No pictures in the copy. Write out the listing below exactly.

# GIVEN DATA
※
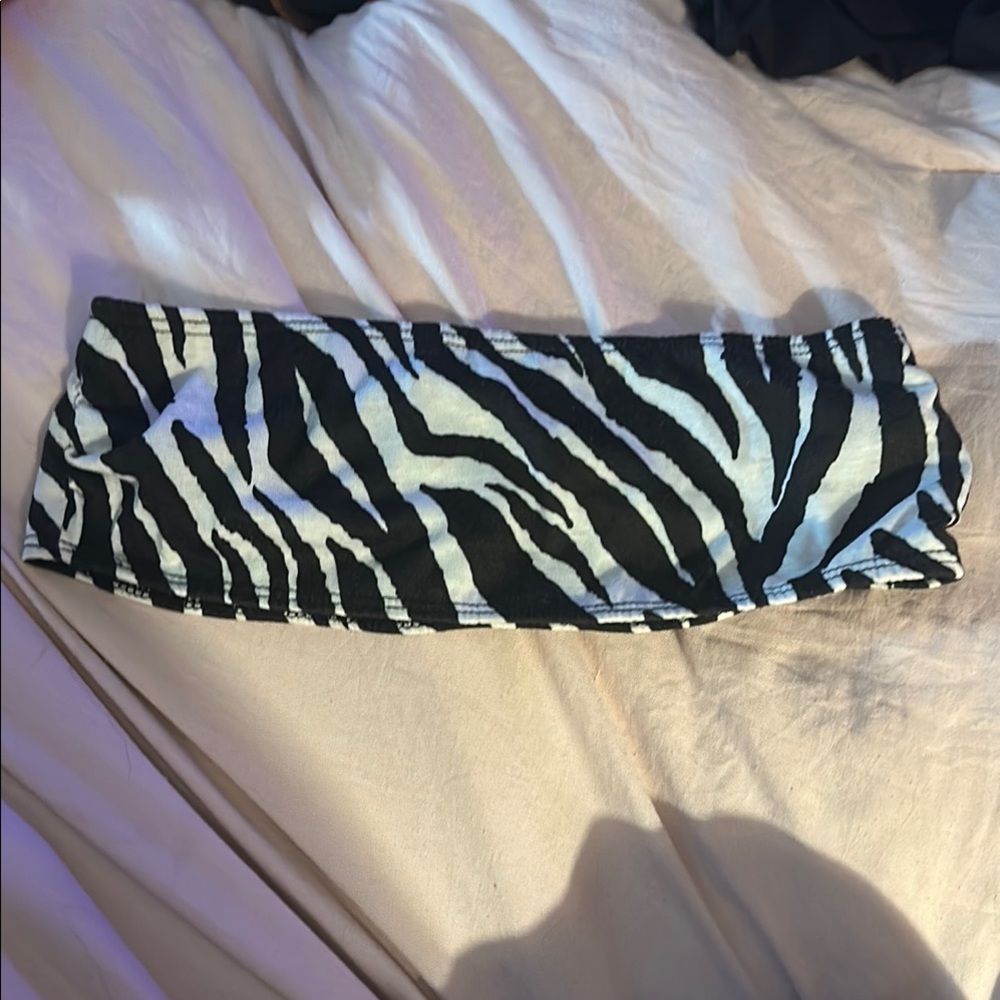 Weavers Zebra Print top - Black and White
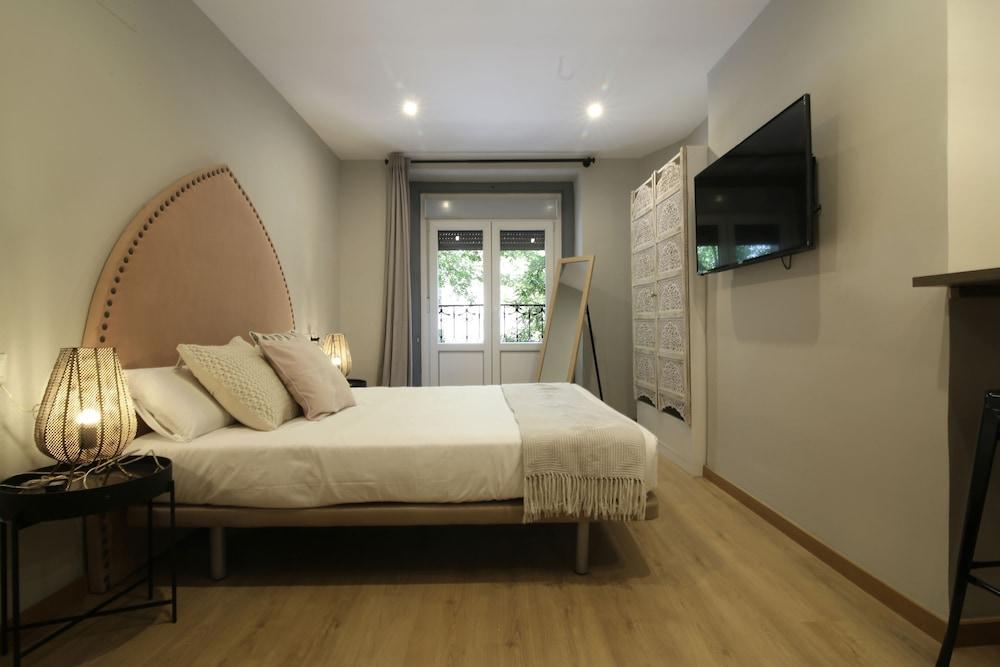 Abracadabra Suites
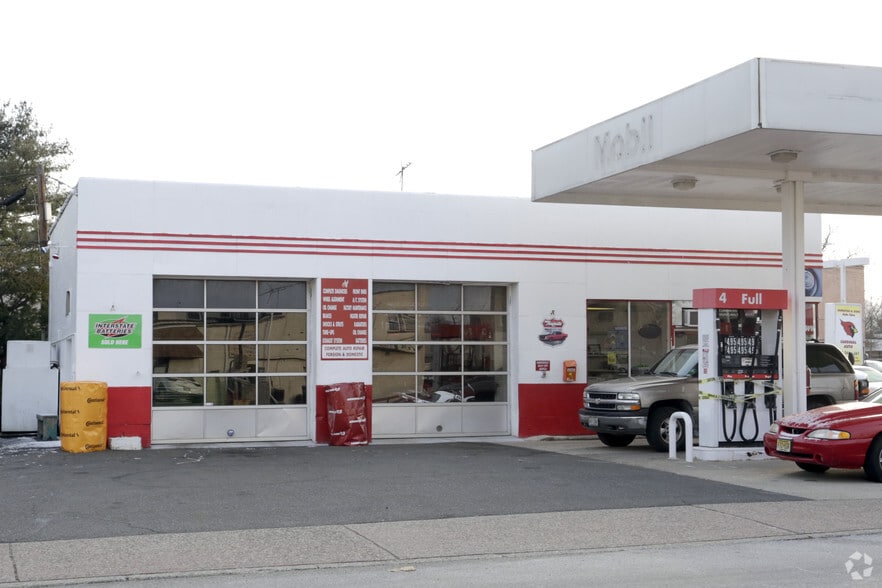 More Photos Of 11 Lakeside Ave, Pompton Lakes Service Station For Lease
※
# SOLVED EXERCISE
 Weavers Zebra Print top - Black and White
 Abracadabra Suites
 More Photos Of 11 Lakeside Ave, Pompton Lakes Service Station For Lease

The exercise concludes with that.